__Aim of the task__. From the line with "西区 中航翡翠城洋房六房178万" through the line with "Hotel Poludnica Липтовский", inclusive, return each line of the data below exactly and leave the rest out.

___ Information ___

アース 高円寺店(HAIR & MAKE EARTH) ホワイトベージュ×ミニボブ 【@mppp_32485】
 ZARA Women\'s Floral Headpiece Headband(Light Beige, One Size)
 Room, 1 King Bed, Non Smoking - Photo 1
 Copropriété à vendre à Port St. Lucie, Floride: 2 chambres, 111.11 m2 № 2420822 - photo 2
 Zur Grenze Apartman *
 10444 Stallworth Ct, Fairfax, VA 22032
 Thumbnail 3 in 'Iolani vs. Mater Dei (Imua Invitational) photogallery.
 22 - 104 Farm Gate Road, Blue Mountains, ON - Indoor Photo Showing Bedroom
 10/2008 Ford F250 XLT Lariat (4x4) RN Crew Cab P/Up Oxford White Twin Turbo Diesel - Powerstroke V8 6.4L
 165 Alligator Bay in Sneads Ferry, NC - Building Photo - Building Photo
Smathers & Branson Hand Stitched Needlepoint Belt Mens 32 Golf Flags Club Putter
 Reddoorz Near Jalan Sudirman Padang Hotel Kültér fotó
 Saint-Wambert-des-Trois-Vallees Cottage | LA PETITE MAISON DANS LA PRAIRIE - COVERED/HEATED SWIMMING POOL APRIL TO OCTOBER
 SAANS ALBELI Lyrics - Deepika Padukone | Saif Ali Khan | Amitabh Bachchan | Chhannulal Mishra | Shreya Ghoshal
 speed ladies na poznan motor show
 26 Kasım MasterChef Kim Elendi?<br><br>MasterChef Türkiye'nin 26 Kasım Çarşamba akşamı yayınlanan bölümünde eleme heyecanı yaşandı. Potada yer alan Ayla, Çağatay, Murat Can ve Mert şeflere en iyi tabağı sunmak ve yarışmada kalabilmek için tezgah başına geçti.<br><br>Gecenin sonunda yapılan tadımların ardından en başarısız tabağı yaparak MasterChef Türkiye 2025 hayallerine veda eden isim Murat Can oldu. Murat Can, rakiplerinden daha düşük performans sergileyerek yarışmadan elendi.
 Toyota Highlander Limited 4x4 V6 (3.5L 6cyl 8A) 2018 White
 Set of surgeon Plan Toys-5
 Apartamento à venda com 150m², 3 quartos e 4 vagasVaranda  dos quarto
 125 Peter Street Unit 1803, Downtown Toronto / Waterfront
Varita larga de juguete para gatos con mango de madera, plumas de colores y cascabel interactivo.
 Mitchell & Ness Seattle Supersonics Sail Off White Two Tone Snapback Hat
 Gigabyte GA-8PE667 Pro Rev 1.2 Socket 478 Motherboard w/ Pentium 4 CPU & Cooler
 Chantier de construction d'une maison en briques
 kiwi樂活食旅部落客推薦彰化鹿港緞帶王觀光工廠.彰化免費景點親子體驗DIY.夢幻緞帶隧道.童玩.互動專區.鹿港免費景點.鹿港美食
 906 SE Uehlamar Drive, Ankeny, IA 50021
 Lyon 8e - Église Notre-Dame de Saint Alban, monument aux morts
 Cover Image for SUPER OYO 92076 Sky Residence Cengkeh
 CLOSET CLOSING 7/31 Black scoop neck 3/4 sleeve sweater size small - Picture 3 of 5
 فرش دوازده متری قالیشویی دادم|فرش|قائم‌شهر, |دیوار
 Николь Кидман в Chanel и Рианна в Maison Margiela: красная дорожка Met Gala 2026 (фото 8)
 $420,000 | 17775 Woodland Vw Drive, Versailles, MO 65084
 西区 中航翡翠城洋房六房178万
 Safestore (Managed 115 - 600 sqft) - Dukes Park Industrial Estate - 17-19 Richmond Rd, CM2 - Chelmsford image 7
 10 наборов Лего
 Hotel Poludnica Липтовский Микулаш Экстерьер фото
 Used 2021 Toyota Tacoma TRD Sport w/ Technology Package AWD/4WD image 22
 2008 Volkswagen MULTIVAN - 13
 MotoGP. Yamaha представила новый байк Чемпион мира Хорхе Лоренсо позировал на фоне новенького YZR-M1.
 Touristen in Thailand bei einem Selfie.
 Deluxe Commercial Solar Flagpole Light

___

__Task response__.
 西区 中航翡翠城洋房六房178万
 Safestore (Managed 115 - 600 sqft) - Dukes Park Industrial Estate - 17-19 Richmond Rd, CM2 - Chelmsford image 7
 10 наборов Лего
 Hotel Poludnica Липтовский Микулаш Экстерьер фото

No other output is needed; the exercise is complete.